- Relator(a)
- Liana Chaib
- Órgão julgador
- 2ª Turma
- Data do julgamento
- 22/05/2024
- Data de publicação
- 24/05/2024
TST – Agravo Interno 0100260-06.2021.5.01.0064, Rel. Liana Chaib, 2ª Turma, j. 22/05/2024, p. 24/05/2024
EMENTA: AGRAVO INTERNO. RECURSO DE REVISTA. INTERPOSIÇÃO SOB A ÉGIDE DA LEI Nº 13.467/2017. REINTEGRAÇÃO - DISPENSA SEM JUSTA CAUSA - TRABALHADOR REABILITADO - ARTIGO 93 DA LEI Nº 8.213/91 - MANUTENÇÃO PELA EMPRESA EM SEU QUADRO DE PESSOAL DO PERCENTUAL EXIGIDO PELA LEI Nº 8.213/91. Com efeito, o art. 93 da Lei nº 8.213/91 é expresso ao condicionar a validade da dispensa do trabalhador reabilitado ou deficiente físico à contratação de substituto em condição semelhante, assegurando-lhes a inserção no mercado de trabalho. O descumprimento, portanto, acarreta a nulidade do ato. Não se trata de estabilidade, mas de reintegração em face de rescisão contratual ilícita. Destarte, sendo o empregado reabilitado, e não evidenciada a contratação de substituto em condição semelhante, devida a reintegração, eis que inválida a resilição do contrato de trabalho. Ocorre, no entanto, que a jurisprudência desta Corte Superior se consolidou no sentido de que a ausência de comprovação da contratação de substituto em condição análoga, por ocasião da dispensa de empregado reabilitado ou portador de deficiência física, assegurando-lhes a inserção no mercado de trabalho, não autoriza a conclusão pela ilegalidade da dispensa havida, e, consequentemente, pela determinação de reintegração, caso não reste descumprida a exigência legal de se manter o percentual mínimo de pessoas portadoras de deficiência ou beneficiários reabilitados nos quadros da empresa . Precedentes.
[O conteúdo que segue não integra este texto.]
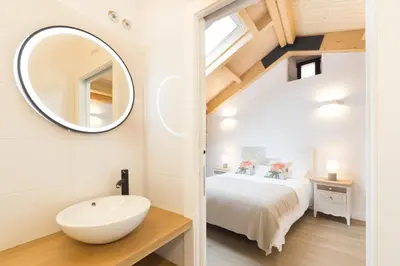 a bathroom with a sink and a bed with a mirror at Landras de Compostela in Santiago de Compostela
De fato, o entendimento firmado pelo TRT de origem contraria a jurisprudência desta Corte Superior, conforme é possível se aferir do seguinte trecho contido no acórdão regional: " O dispositivo determina expressamente que a dispensa de um empregado com deficiência ou reabilitado somente poderá ocorrer após a contração de outro em situação semelhante, não havendo nenhuma ressalva autorizando que a norma deixe de ser observada caso a cota de 2% a 5% já esteja atendida ". Deste modo, por qualquer prisma que se analise a questão, não se vislumbra a possibilidade de alterar a decisão agravada. Agravo interno a que se nega provimento. (Tribunal Superior do Trabalho (2ª Turma). Acórdão: 0100260-06.2021.5.01.0064. Relator(a): LIANA CHAIB. Data de julgamento: 22/05/2024. Juntado aos autos em 24/05/2024.)